- Task -
Within the material below, count every line with the string "also". Give no more than the number.

- Data -
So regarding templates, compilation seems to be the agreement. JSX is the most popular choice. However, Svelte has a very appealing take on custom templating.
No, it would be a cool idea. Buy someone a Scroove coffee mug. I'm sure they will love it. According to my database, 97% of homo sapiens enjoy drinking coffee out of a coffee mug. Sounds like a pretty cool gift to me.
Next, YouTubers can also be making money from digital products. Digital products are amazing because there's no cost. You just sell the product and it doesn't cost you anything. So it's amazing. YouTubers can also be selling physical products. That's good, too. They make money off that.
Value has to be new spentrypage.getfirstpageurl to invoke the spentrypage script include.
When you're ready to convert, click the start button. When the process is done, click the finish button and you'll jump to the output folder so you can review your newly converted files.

==

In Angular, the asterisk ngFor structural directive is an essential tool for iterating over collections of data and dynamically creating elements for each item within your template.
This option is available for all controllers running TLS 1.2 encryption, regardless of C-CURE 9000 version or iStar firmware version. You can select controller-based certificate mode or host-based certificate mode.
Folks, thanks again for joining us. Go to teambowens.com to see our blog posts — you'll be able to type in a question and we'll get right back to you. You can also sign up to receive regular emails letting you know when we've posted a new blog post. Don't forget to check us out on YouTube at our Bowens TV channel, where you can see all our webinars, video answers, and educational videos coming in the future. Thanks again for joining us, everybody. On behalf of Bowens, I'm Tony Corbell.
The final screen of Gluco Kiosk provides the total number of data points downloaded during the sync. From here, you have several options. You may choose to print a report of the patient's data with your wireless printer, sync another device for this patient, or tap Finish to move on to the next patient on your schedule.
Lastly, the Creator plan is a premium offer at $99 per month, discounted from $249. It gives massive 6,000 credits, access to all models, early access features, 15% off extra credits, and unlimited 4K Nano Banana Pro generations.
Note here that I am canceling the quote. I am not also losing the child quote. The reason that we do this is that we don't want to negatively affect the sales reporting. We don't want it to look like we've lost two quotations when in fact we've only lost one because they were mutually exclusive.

- Response below -
3